Privacy Policy

VM Digital Consulting LLC is a Limited Liability Company organized under the laws of the Wyoming, United States, with its principal place of business at 30 N Gould St, Ste N, Sheridan, Wyoming 82801, United States. We provide business-to-business ("B2B") digital marketing and lead generation services, including marketing strategy, paid advertising, search engine optimization, content production, branding, and web design.

This Privacy Policy applies to personal information we process in connection with: (a) our websites located at vmdigitalconsulting.com and any subdomains (collectively, the "Site"); (b) inquiries, proposals, and engagements with prospective and existing clients; (c) our marketing activities, including email outreach, paid social campaigns, and events; and (d) any other interaction in which we reference or link to this Policy (collectively, the "Services").

This Policy does not apply to personal information processed by our clients on their own platforms, even where we provide marketing services to those clients. In such cases, our client is the "controller" (or "business") of that personal information, and we act as a "processor" (or "service provider") under a separate Data Processing Agreement.

By using the Site or otherwise providing personal information to us, you acknowledge that you have read and understood this Policy.

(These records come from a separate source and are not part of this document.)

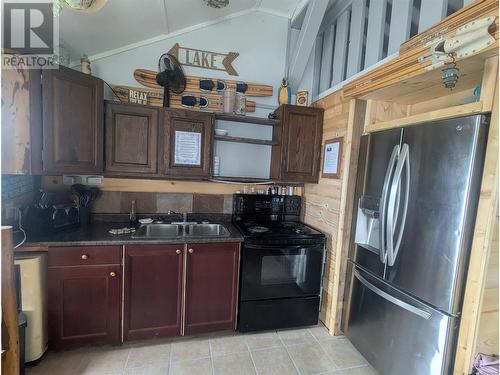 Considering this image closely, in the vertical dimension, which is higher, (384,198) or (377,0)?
(377,0)

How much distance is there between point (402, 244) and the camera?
1576 millimetres

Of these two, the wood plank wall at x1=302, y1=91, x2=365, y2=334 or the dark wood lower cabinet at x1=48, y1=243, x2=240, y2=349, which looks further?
the wood plank wall at x1=302, y1=91, x2=365, y2=334

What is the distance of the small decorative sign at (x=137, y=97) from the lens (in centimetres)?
228

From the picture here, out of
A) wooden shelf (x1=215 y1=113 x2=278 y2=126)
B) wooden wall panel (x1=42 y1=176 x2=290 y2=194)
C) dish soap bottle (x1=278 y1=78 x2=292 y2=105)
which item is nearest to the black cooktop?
wooden wall panel (x1=42 y1=176 x2=290 y2=194)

If you do not agree with our practices, please do not use the Site or provide personal information to us.

We collect personal information in three principal categories: (i) information you provide directly to us; (ii) information collected automatically through your interaction with the Site; and (iii) information we receive from third parties.

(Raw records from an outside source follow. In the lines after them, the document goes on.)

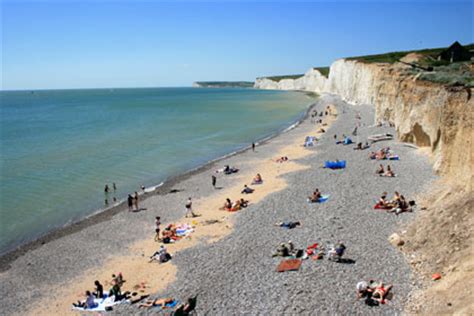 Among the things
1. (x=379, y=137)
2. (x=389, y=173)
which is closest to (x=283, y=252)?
(x=389, y=173)

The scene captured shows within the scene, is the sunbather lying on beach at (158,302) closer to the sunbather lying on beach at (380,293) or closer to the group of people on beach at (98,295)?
the group of people on beach at (98,295)

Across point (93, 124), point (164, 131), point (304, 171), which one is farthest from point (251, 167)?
point (93, 124)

We collect information through the following channels and technologies:

• Contact form submissions. When you submit our contact form, the information you enter is transmitted to us by email and may be stored in our customer relationship management ("CRM") system.
• Direct correspondence. When you email or call us, we retain the contents of your message and any attachments for record-keeping and follow-up purposes.
• First-party analytics. We use first-party cookies and similar technologies to measure how visitors navigate the Site and to improve its content and performance.
• Marketing pixels and tags. Subject to applicable consent requirements, we use the following third-party technologies on the Site:
  • Meta Pixel (Meta Platforms, Inc.) — for conversion measurement, audience building, and retargeting on Facebook and Instagram.
  • LinkedIn Insight Tag (LinkedIn Corporation) — for conversion tracking, retargeting, and demographic reporting on LinkedIn.
  • HubSpot (HubSpot, Inc.) — for CRM, lead capture, email marketing, and behavioral tracking of identified contacts.
  • Mailchimp (Intuit Inc.) — for email marketing distribution and engagement analytics.
• Server logs. Our hosting infrastructure automatically records technical request logs for security, fraud prevention, and performance monitoring.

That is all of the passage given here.